The conservatives refer to the election protests of 2009 as sedition, while the reformist candidates who triggered the protests with allegations of vote fraud maintain that the protests were peaceful and their demands were within the framework of the constitution.
Mehdi Chamran, the head of Tehran City Council, spoke at the Haddad-Adel election campaign meeting, saying the “enemies of the Revolution” have changed their strategy from “sanctions to the deterioration of the elections”. He said: “From across the seas, they have given up on sanctions and are instead saying whom our people should be voting for.”
Ahmad Khatami: It is Slander Week!
Meanwhile, hardliner Ahmad Khatami in Kerman referred to his critics and opponents as “numbskulls who take their cue from enemy forces”. On Friday February 19, the Assembly of Experts candidate said foreign countries are “meddling in Iran’s business” and “trying to send infiltrators into the decision-making centres of the country”.
“English-speaking media are saying do not vote for Ahmad Jannati, for Mohammad Taghi Mesbah Yazdi in Tehran, for Ahmad Khatami in Kerman or Ahmad Alam al-Hoda in Khorasan,” he said referring to the ultra-conservative clerics seeking a seat in the Assembly of Experts.
Without directly referencing the internet campaign launched by a group of supporters of moderate cleric Ayatollah Hashemi Rafsanjani to prevent the election of conservatives Jannati, Yazdi, Khatami and Alam ol-Hoda to the Assembly of Experts, Ahmad Khatami said: “What is it to you, you meddlers!
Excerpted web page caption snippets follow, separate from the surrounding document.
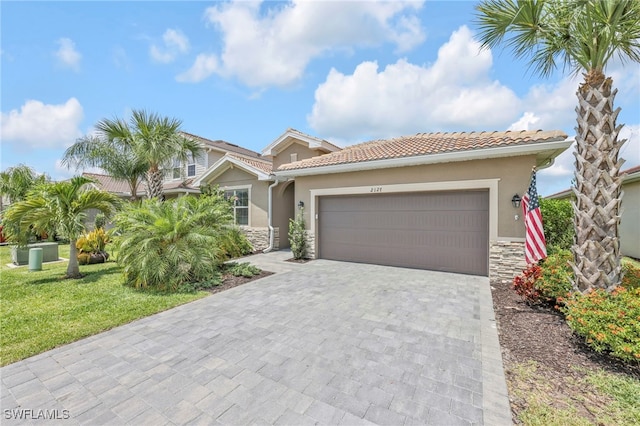 2127 Hamlin St, Naples, FL 34120 - view of front facade featuring stone siding, an attached garage, decorative driveway, and stucco siding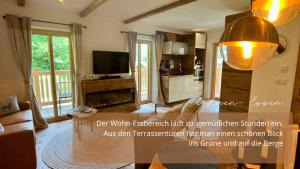 a living room with a couch and a tv at Lärchen-Chalet 2 in Winkl Heiligenblut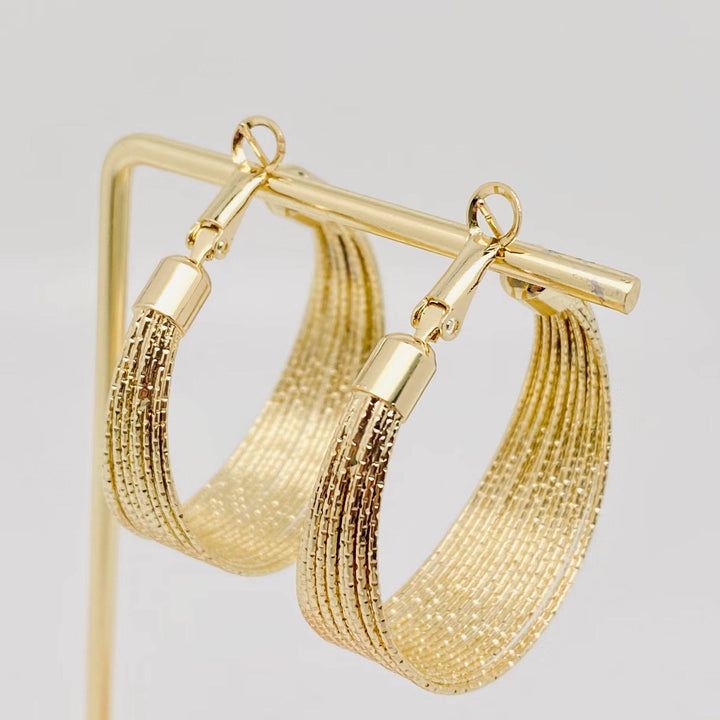 Golden Coil Hoop Earring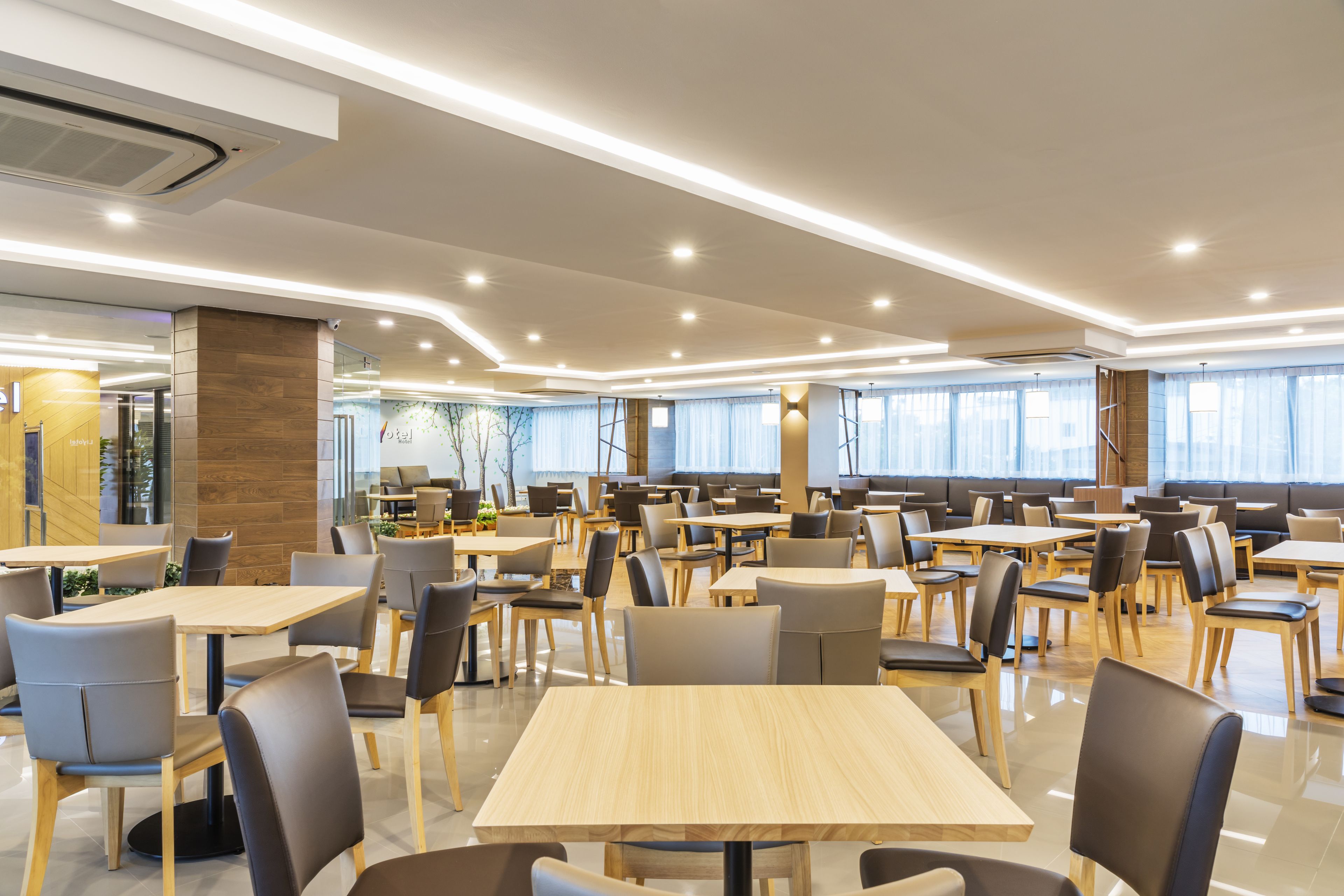 Un amplio comedor interior con varias mesas y sillas, ventanas grandes y un diseño moderno en el techo.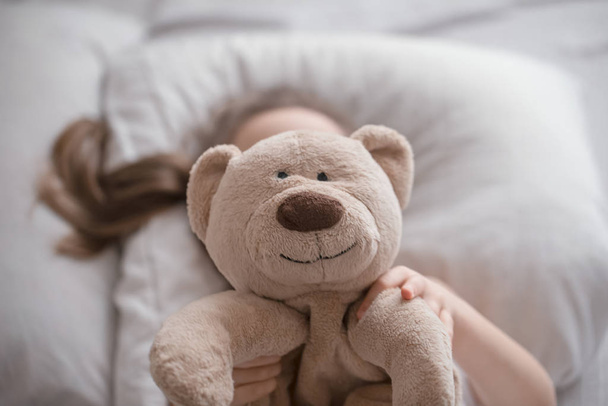 Little cute girl in bed with toy - Фото, зображення
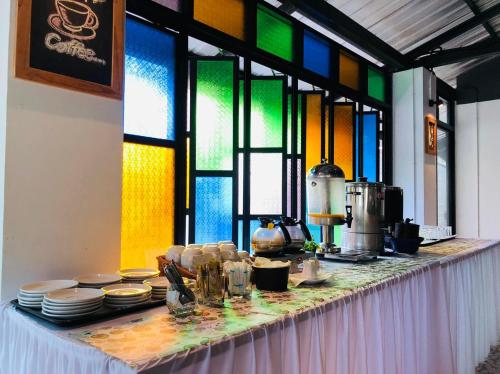 a table with plates and cups and stained glass windows at The Rubber Hotel Phuket in Thalang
These very individuals are at the top of the list of wise voters.”
Ahmad Khatami insisted that the reason for the adverse campaign launched against him is that he has “slammed sedition in [his] sermons” and said: “This week is the week of slander from anti-Revolutionaries against candidates supported by the leadership, and the wisdom of the public will come into play right here when, with God’s support, you will not be swayed by such rumours and lies spread around cyber space.”
Mohsen Esmaili, an Assembly of Experts candidate, was also heard condemning foreign countries and accusing the “country’s enemies” of creating rifts between the forces of the Revolution by putting their support behind certain people.
Tehran’s Friday Mass Imam, Kazem Sedighi, also said in this week’s sermon that foreign media have for the first time begun encouraging Iranians to go to the ballot box but asserted that the public will not vote for “candidates promoted in enemy media”.
Iranians will go to the polls on February 26 to vote for parliamentary and Assembly of Experts candidates. While the majority of reformists and moderate candidates have been disqualified by the ultra-conservative Guardian Council, the reformists, including President Hassan Rohani, have urged the public not to boycott the elections and to simply try to vote for the most moderate candidates in each riding.